Roberts charts the influence of acid on the ’60s music scene, which gave us the Beatles’ celebrated Sgt. Pepper album and launched the mighty Pink Floyd at the UFO club in London, as well as many other acts, including the Moody Blues, the Small Faces, Donovan, the Move and the Incredible String Band. As more and more psychedelic lyrics began to seep into the zeitgeist, the BBC banned certain tracks and newspapers such as the News of the World ran exposes on these so-called corrupting and decadent bands, which turned out to be laughably self-defeating:
‘By explaining exactly what LSD was, its cost and its effects News of the World gave thousands of teenagers a glimpse into a way of life they desperately wanted to be part of… To an extent the unwitting media promotion of LSD led to thousands of young people throughout Britain becoming more knowledgeable about the drug than they would otherwise have been.’

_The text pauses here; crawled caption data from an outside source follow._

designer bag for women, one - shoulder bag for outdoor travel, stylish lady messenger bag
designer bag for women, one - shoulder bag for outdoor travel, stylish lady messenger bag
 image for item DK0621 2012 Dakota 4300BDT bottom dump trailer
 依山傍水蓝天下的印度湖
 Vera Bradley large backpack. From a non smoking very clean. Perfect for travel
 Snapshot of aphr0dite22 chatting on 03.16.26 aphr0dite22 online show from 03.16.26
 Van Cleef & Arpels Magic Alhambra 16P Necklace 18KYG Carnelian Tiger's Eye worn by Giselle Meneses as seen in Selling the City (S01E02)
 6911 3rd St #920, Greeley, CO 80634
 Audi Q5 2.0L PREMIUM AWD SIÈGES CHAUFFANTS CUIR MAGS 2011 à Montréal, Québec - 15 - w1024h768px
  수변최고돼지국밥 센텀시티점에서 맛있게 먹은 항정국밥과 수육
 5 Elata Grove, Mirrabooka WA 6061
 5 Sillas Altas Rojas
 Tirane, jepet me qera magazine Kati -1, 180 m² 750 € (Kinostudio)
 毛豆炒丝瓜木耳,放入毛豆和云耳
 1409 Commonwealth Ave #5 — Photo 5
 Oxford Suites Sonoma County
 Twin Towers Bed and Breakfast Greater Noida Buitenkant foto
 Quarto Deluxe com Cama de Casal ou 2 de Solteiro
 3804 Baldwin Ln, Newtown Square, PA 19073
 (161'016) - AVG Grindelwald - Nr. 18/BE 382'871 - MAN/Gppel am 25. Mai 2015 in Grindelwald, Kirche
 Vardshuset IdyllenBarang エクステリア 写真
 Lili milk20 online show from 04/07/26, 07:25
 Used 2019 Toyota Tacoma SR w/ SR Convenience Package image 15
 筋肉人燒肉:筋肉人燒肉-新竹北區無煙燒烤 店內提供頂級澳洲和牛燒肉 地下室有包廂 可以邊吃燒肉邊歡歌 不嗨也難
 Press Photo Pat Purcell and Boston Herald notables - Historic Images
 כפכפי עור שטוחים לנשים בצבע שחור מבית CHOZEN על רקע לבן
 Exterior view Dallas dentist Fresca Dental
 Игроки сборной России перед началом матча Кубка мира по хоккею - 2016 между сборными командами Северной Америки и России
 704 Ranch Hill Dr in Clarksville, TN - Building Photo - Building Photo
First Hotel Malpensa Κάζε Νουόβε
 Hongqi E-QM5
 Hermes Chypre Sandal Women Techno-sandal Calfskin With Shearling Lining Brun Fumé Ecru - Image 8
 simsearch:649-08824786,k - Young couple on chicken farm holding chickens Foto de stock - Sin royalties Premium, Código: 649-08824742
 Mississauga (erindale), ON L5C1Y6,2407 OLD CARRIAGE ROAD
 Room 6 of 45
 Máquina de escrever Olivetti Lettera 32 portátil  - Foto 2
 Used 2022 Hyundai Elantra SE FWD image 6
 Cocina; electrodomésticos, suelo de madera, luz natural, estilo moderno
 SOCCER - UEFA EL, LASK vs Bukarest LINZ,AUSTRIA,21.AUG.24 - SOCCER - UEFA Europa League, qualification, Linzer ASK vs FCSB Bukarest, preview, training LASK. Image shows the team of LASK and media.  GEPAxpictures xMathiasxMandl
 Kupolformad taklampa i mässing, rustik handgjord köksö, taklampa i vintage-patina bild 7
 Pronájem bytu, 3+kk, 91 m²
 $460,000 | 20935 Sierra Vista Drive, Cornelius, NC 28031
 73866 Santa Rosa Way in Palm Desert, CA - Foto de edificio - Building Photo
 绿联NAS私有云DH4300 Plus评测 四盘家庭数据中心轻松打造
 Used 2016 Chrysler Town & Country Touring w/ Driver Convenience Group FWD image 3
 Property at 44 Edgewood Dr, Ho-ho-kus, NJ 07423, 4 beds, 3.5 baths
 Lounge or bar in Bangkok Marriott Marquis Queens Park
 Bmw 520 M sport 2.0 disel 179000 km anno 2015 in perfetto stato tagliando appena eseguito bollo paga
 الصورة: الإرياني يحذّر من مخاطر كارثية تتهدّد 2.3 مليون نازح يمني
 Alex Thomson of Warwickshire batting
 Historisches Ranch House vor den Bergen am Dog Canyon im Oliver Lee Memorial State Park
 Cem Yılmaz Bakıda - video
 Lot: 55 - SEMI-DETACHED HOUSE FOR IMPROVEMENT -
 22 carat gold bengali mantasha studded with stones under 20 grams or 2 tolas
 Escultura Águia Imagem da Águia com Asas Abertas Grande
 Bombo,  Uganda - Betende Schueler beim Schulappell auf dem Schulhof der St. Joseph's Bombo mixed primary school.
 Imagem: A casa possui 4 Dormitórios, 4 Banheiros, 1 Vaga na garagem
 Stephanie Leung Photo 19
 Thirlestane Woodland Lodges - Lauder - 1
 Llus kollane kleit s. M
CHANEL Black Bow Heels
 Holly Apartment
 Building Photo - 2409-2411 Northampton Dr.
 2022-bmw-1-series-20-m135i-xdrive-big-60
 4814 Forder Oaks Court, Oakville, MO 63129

Albion Dreaming also gets behind the scenes and documents some of the less well-known LSD movers and shakers: evangelists such as Michael Hollingshead, who first turned Timothy Leary onto LSD and founded the World Psychedelic Centre in Chelsea; chemists such as Victor Kapur, one of the first to make blotter acid in bulk in the late ’60s; and writers such as John Michell, whose mystical ideas popularised Glastonbury and paved the way for the first free festival there in 1970. There are also many testimonies from ordinary people, ‘vox pops’ one could say, which illuminate how LSD culture inexorably blossomed throughout this period, leading to changes in lifestyle, fashion and prevailing political, social and religious attitudes. Read more…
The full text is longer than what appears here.